De l'inquiétude tout d'abord, parce que la composition du Conseil supérieur de la magistrature que vous nous proposez, n'est pas, contrairement à ce que vous affirmez, madame la garde des sceaux, conforme à ce qui se fait dans la plupart des pays européens, où existe la parité, au moins, entre magistrats et non-magistrats. Il serait assez extravagant qu'au moment où la France préside l'Union, elle instaure un système qui reste en deçà des normes fixées par les autres pays européens. Comme le disait à l'instant M. Montebourg, citant les propos de Robert Badinter au Sénat, ce serait une erreur !
Vous avez consacré un long développement à la possibilité pour le Gouvernement de déterminer la politique pénale – ce qui est dans l'ordre des choses – mais vous avez fini par théoriser la pression du Gouvernement sur les magistrats. Vous voulez nous faire croire, en vous fondant sur les seules apparences, que le Conseil supérieur de la magistrature aurait davantage de liberté parce que le Président de la République ne le présiderait plus.
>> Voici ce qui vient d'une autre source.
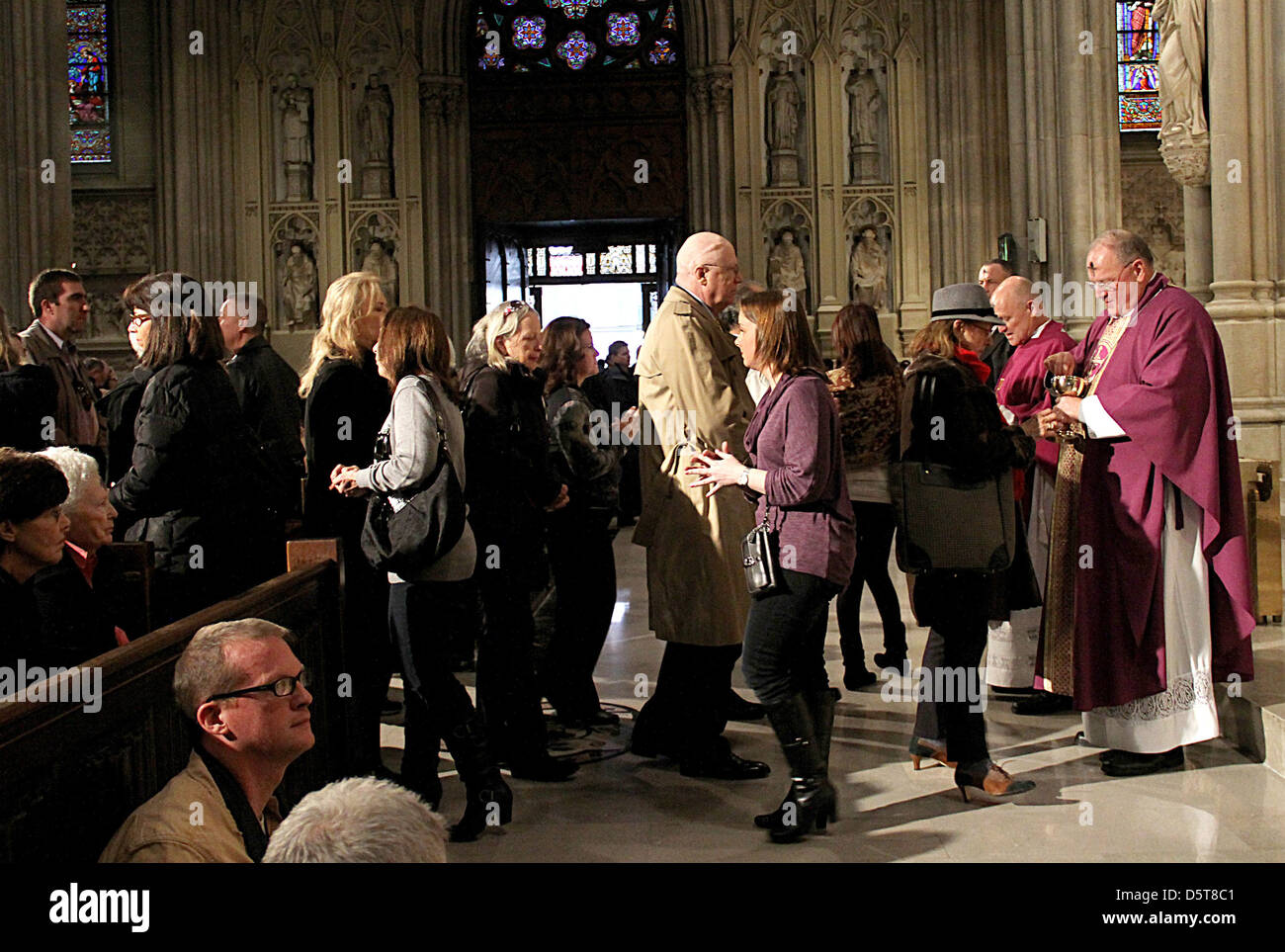 Le Cardinal Timothy Dolan nouvellement élu mène une cérémonie mercredi des cendres de la cathédrale Saint-Patrick de New York, USA - 22.02.12 Banque D'Images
Or, il faut le savoir, la nouvelle rédaction de l'article 65 de la Constitution ne précise pas que le Conseil supérieur de la magistrature est le garant de l'indépendance judiciaire ! Par ailleurs, faire présider le Conseil par le procureur général et le président de la Cour de cassation n'est pas une garantie d'indépendance, compte tenu des modalités de désignation de ces hauts magistrats.
Il ne s'agit pas de corporatisme : les magistrats en ont fait la preuve, puisque ce sont eux qui, il y a dix-huit mois, ont proposé la saisine du CSM par les citoyens ; il existe de leur part une réelle volonté d'ouverture et ils ont conscience qu'un contrôle est nécessaire. En réalité, le Gouvernement ménage une fois encore les apparences, en laissant croire que le Conseil aura davantage de pouvoir parce que le Président de la République n'y siègera plus ; mais je rappelle que, pour les affaires disciplinaires, le garde des sceaux est toujours présent,…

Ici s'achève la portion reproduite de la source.